After Horatio has finished explaining the political backstory, the ghost of Old Hamlet appears once more. This time Horatio does try to speak to the ghost. When the ghost remains silent, Horatio tells Marcellus and Bernardo to try to detain it; they strike at the ghost with their spears but jab only air. A rooster crows just as the ghost appears ready to reply to Horatio at last. This sound startles the ghost away. Horatio decides to tell Prince Hamlet, Old Hamlet’s son, about the apparition, and the others agree.
The first scene of the play, like most every scene of the play, is very well known, and very puzzling. Without explaining his reasons in detail, T.S. Eliot once declared the first lines of the play to be the best lines in English. He and many other critics have found this scene to be a microcosm of the whole play, as it were. Shakespeare uses many deceptively simple rhetorical tricks to introduce some of the major themes and concerns that he follows through to the play’s end.
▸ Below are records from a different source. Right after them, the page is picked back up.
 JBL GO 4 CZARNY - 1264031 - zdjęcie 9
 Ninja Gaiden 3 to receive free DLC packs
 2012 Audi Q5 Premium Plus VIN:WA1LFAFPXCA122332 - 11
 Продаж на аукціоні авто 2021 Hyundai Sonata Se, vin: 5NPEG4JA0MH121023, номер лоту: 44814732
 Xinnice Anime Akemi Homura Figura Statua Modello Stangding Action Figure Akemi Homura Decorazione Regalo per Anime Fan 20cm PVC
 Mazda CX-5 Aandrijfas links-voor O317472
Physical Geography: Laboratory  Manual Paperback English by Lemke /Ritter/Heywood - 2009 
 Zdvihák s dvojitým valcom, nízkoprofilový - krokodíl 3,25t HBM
For example, in a play that contains many of the most famous, most unanswerable questions ever expressed, whether literal questions (“To be or not to be”) or interpretive questions of motivation (“Why doesn’t Hamlet just kill Claudius straight away?”), it is remarkable that Shakespeare begins Hamlet with a question, “Who’s there?” Who’s there, indeed.... On one level, this is a simple question, one that is asked every day in the most innocuous contexts. But on a deeper level (and everything in this play is richly rewarding on a deeper level) it is one of the basic questions of philosophy. Who is there? Who are we? What is man? Who is Hamlet? What is Hamlet? In this most philosophical of plays, we begin with a moment of covert philosophy, a question simple on the surface, but profound when pressed; and the first scene continues this focus on questioning, giving us question after question. Horatio, the quintessential scholar, skeptical and empirical, begins by questioning the reality of the ghost; eventually, he is exhorted to “question” the ghost in a more literal way – to ask the ghost questions. In general, then, the first scene takes us from the no-nonsense world outside the theater, the world of Horatio and his doubts, to the magical, metaphysical, ultra-theatrical world ofHamlet. We may bring certainties to the play, but we are encouraged almost immediately to abandon them.
Thus before we have even seen Hamlet (the younger Hamlet, that is) we are deeply mired in the play’s dubious, spectral atmosphere.